● TASK BRIEF
Data follows below. Repeat exactly the lines between the line holding "ORTOVOX T-Shirts &" and the line holding "Nike Dri Fit", inclusive, and nothing more; drop pictures.

● DATA SECTION
□ □ □ □ □
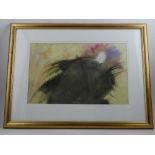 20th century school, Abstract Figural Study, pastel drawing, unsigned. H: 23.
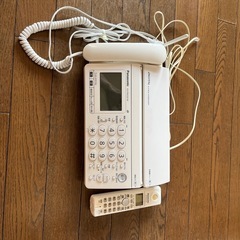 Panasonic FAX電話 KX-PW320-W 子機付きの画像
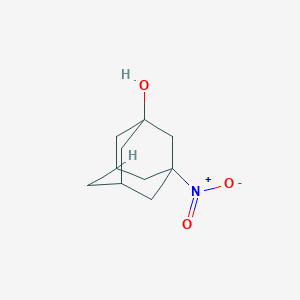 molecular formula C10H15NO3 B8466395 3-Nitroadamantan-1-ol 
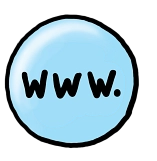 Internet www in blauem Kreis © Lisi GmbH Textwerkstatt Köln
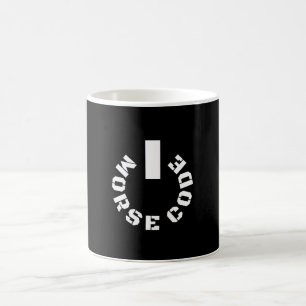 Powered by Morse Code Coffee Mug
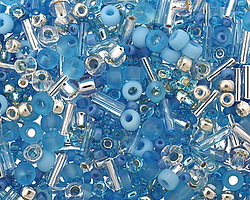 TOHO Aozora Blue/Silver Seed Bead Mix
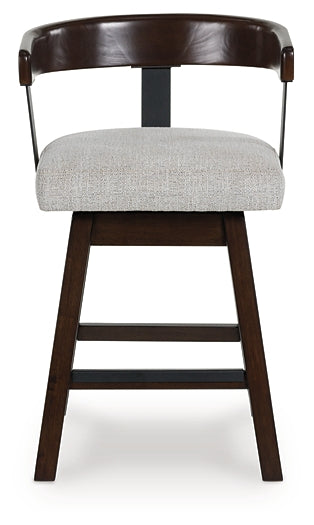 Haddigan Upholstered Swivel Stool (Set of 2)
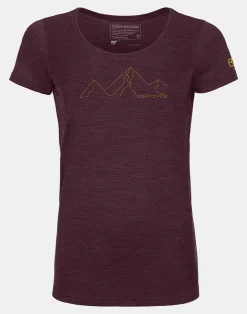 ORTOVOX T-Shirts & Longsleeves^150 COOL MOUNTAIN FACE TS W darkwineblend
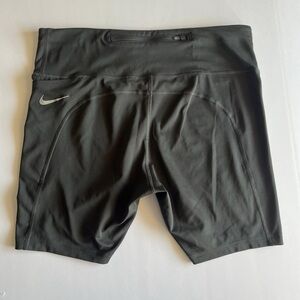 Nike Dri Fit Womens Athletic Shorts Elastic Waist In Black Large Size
□ □ □ □ □
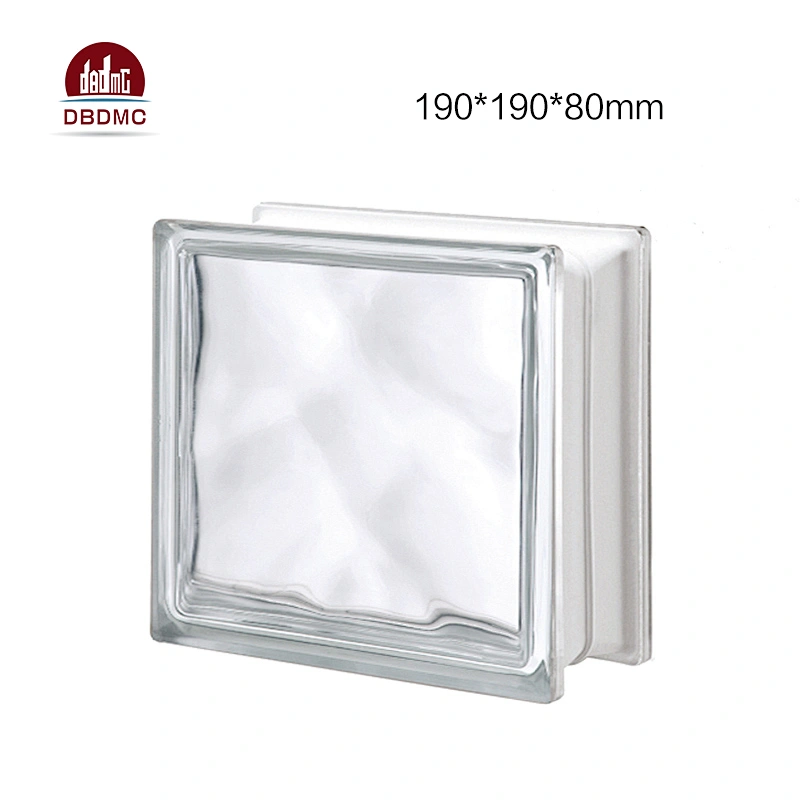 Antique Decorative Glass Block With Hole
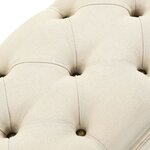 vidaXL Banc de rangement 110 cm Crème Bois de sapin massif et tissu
□ □ □ □ □
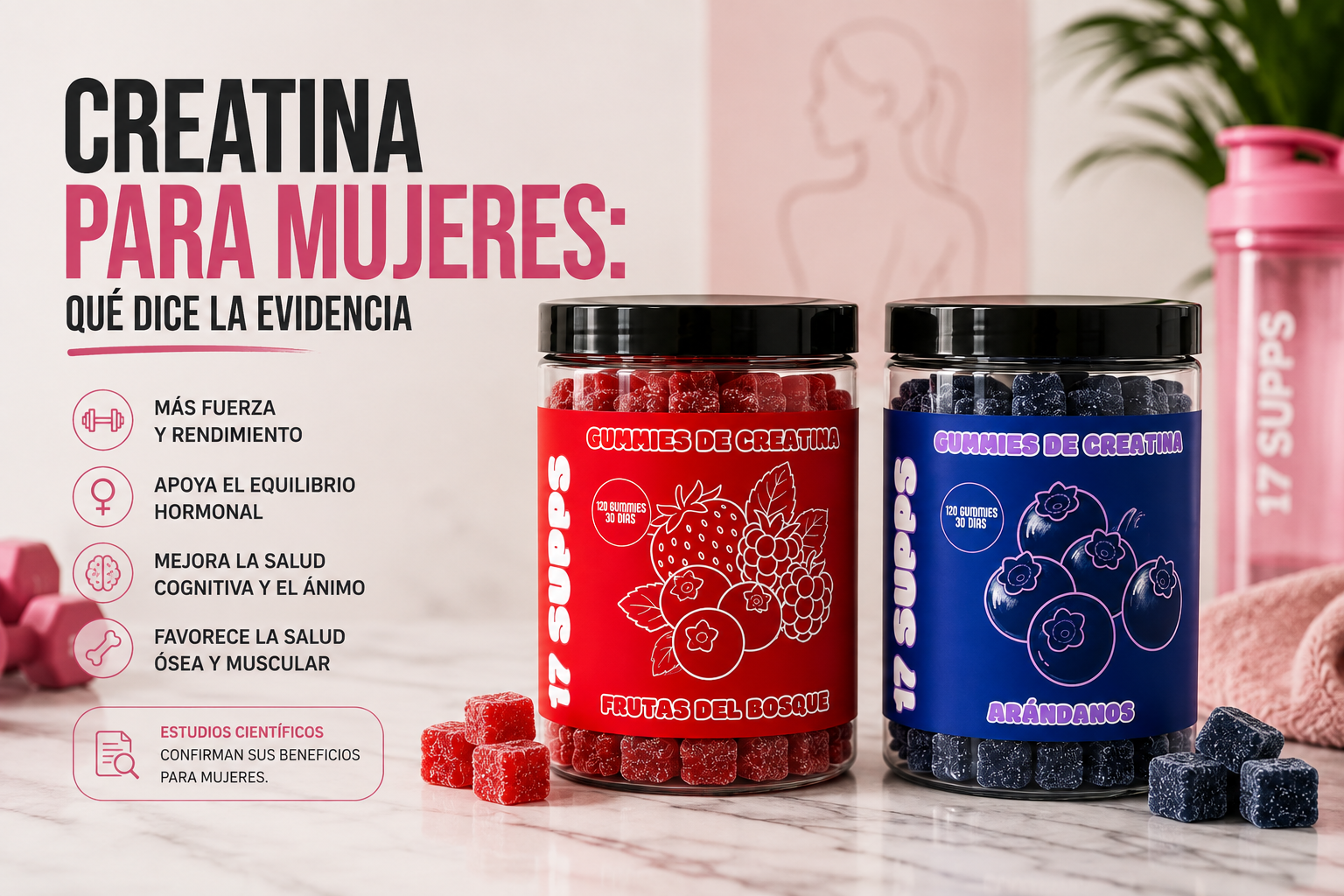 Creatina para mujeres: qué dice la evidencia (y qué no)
□ □ □ □ □
● TASK ANSWER
 ORTOVOX T-Shirts & Longsleeves^150 COOL MOUNTAIN FACE TS W darkwineblend
 Nike Dri Fit Womens Athletic Shorts Elastic Waist In Black Large Size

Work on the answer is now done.